● WHAT TO DO: Your answer must consist of the records below, reproduced exactly, with every picture removed.
[Opening PROVIDED ENTRIES section]
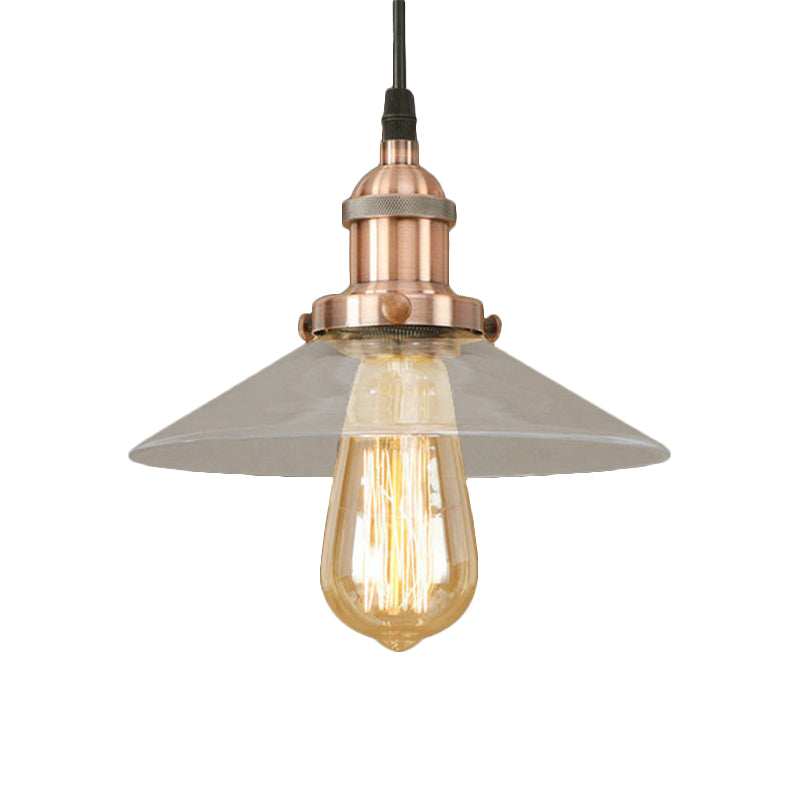 Industrial Clear Glass Pendant Lamp with Cone Shade - Black/Rust/Copper Finish - Living Room Hanging Light Fixture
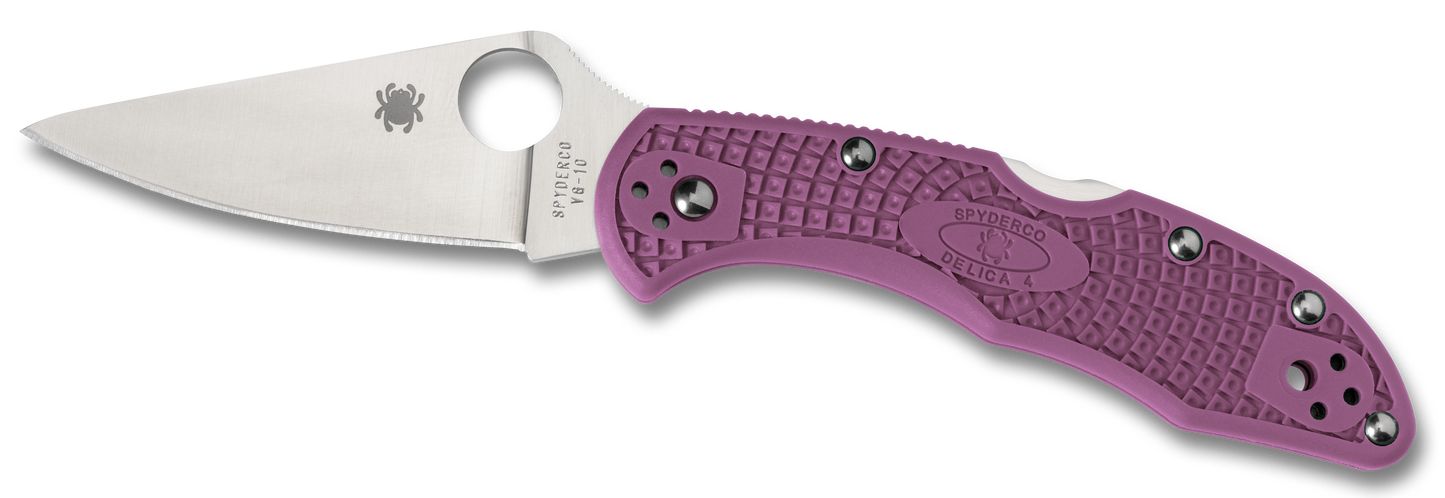 Spyderco Delica 4, Spy C11fppr Delica Flt Grnd Purple Pln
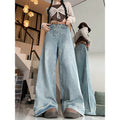 Denim Straight-leg Pants High Waist Loose And Slimming Drape Mop Wide Leg Pants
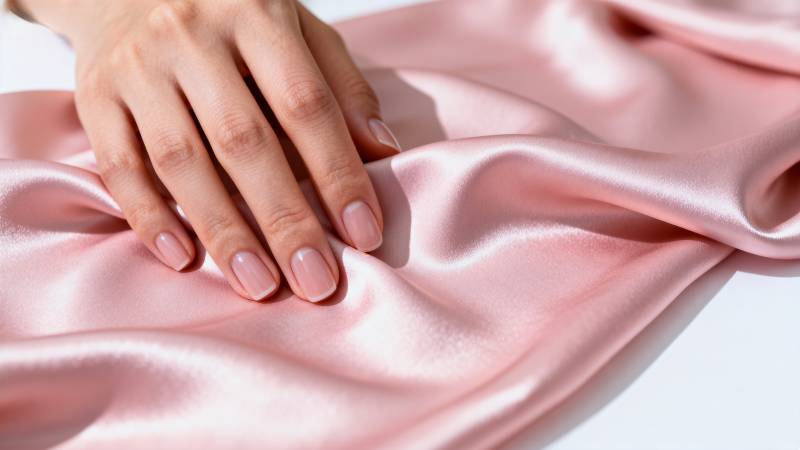 柔美粉缎手抚触图片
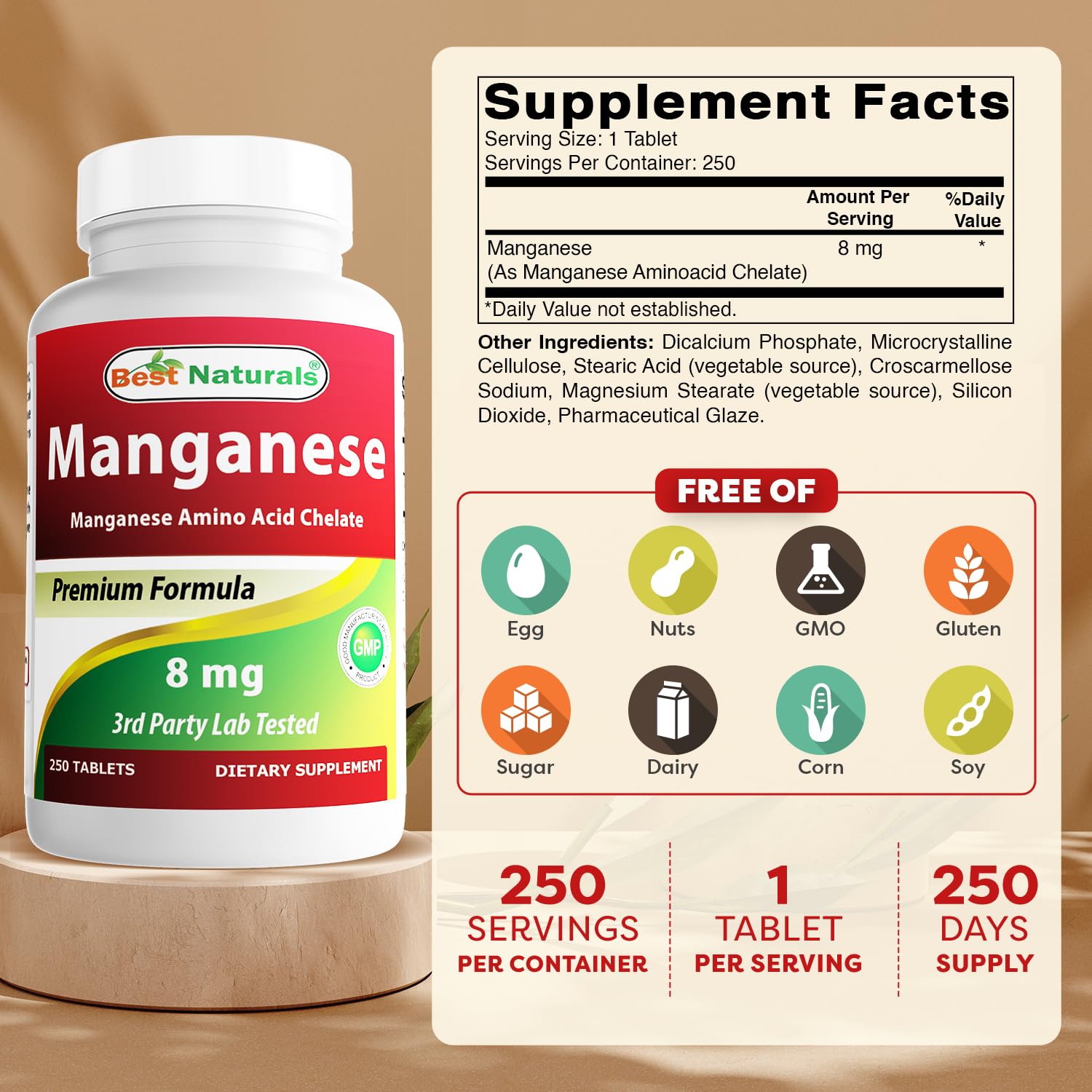 Best Naturals Manganese Supplement 8 mg bottle side view
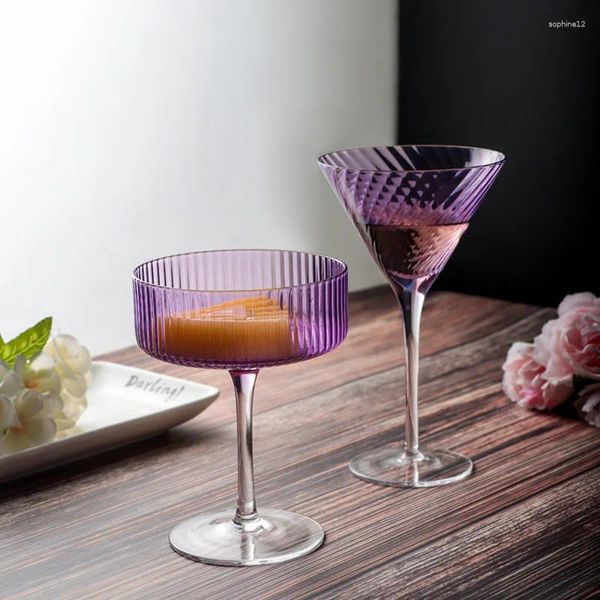 Weingläser Kristall Becher Tasse Lila Licht Luxus Cocktailglas handgefertigtes Champagner Retro -Eis Dessert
[Closing PROVIDED ENTRIES section]
● SOLVED EXERCISE:
 Industrial Clear Glass Pendant Lamp with Cone Shade - Black/Rust/Copper Finish - Living Room Hanging Light Fixture
 Spyderco Delica 4, Spy C11fppr Delica Flt Grnd Purple Pln
 Denim Straight-leg Pants High Waist Loose And Slimming Drape Mop Wide Leg Pants
 柔美粉缎手抚触图片
 Best Naturals Manganese Supplement 8 mg bottle side view
 Weingläser Kristall Becher Tasse Lila Licht Luxus Cocktailglas handgefertigtes Champagner Retro -Eis Dessert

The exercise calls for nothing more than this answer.